# WHAT YOU HAVE TO DO:
The span to repeat in the listing below runs from the line containing "Разбирают по кирпичам: на" to the line containing "Fruchtigen Hefeschnecken mit", inclusive. Repeat it exactly, and only it.

# EXTRACTED DATA:
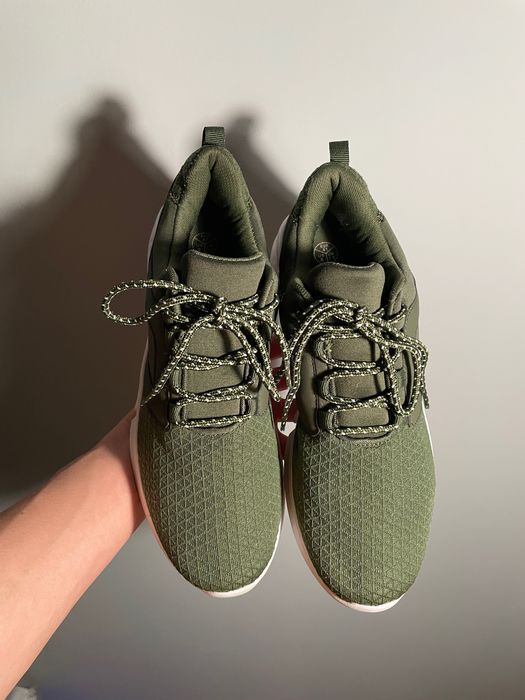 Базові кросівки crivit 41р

...

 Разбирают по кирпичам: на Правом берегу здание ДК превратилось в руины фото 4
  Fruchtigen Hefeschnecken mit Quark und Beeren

# RESPONSE TO THE TASK:
 Разбирают по кирпичам: на Правом берегу здание ДК превратилось в руины фото 4
  Fruchtigen Hefeschnecken mit Quark und Beeren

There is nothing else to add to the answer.